The market for blueberries in general, and this variety in particular, has been growing as well as the fruit itself, as more consumers adopt healthy, nutritious eating and snacking habits. “They’re perfect for putting in breakfast bowls and smoothies,” says Basheer, who also puts them in his son’s lunchbox. Now he pops this one in his mouth, too. “Amazing,” he says.

Blueberry plants are relatively easy to grow and manage

Harvesting begins as early as January in Morocco
Planting blueberries (and raspberries) across nine farms here in Agadir, and many others in Northern Morocco, Peru and Mexico – with a planting programme soon to begin in India – allows Surexport to grow much further afield than the company’s original base in Huelva, Spain. As CEO Andrés Morales Vilar puts it, this strategy equates to greater “availability”.
“Sekoya Pop® has the taste and crunchiness that our customers like,” he says, “and when they like something, they want to be able to buy it always. ”While the blueberry harvest in Spain runs from March to May, and Peru has a much longer season from June or July to December, the Moroccan farms start picking as early as January, helping to ensure a year-round supply. For quality manager Zakaria Mao, part of the year is taken up with the various certifications required to comply with agreed social and environmental standards, not to mention water management. In this dry region, says Zakaria, “we are constantly looking for better agricultural practices to optimise the use of water and all our natural resources.”
Supply to the Agadir operation comes from both the ocean and from boreholes, and while the job brings fairly constant challenges, the blueberry is a fairly resilient fruit. “It’s very easy to manage the quality, compared to raspberries. They don’t have the same issues.” Once the harvest begins, “blueberries are carefully picked at our greenhouses, collected by our refrigerated trucks and taken to our packhouse. This operation must take less than one hour from the moment the fruit is picked in our fields.”

Sekoya Pop® is a premium variety that stands out for its crisp texture and intense flavour

These blueberries are available across Spinneys stores
Overseas sales manager Cristian Morales deals with all such markets outside Europe, from partners such as Spinneys in the Middle East to Southeast Asia and Canada. In his five years at Surexport he has come to think of the company as a “little-big family business” that reaches around the world but remains “focused on the final customer”.
Sekoya Pop® was developed with that customer in mind, emerging as a maximally appealing variety from the lengthy and expensive process that such breeding programmes tend to entail. “It’s such a nice variety, so nice to eat but also travels so well, arriving at the final destination in the same good shape that you see here in the crops,” says Cristian.
The berries here have a slight white bloom on them, which is perfectly natural and even edible – you can wipe it off or eat it as it comes, as Cristian does while he speaks. “Some years ago, people didn’t know much about this kind of fruit, but as society becomes more aware of the importance of how we eat, they want more and more of it.
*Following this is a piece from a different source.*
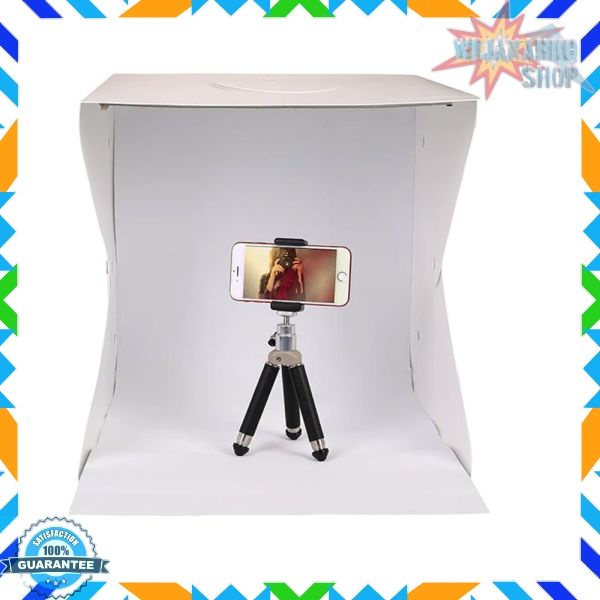 Photo Studio Mini LED dan 4 PCS Background White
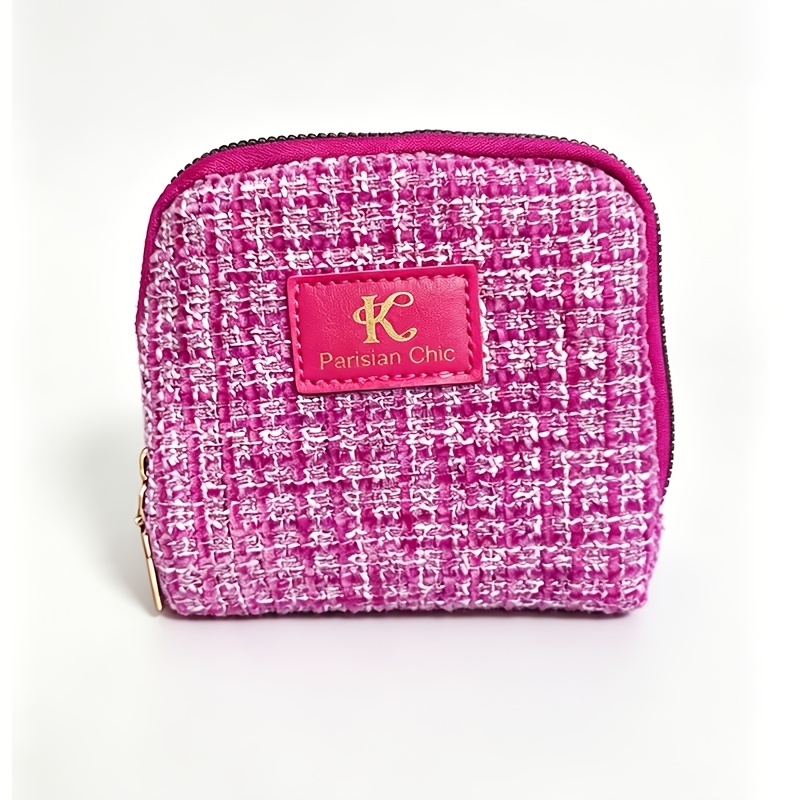 TEMU 1 pièce Nouvelle pochette à bijoux 1 pièce en tartan tissé à carreaux de haute gamme, et élégant, sac de rangement de voyage portable pour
Blueberries are antioxidants with a great flavour that we sell in tubes that you can take to work or school.”

Sekoya Pop® travels well, keeping its plump shape

Cristian Morales, overseas sales manager
Sekoya Pop® is so good, in fact, that it makes older varieties of blueberry seem less appealing. Which begs the question, is there some new variety in the pipeline that might turn out even better? “That’s going to be difficult, honestly,” admits Cristian. “Sekoya Pop® is crunchy in ways that was quite new for blueberries, and the shelf life is amazing.”
“So the real challenge is to develop an even newer and better variety. But we like challenges, and we join the best breeding programmes. We’re testing now, and we’re on the way.”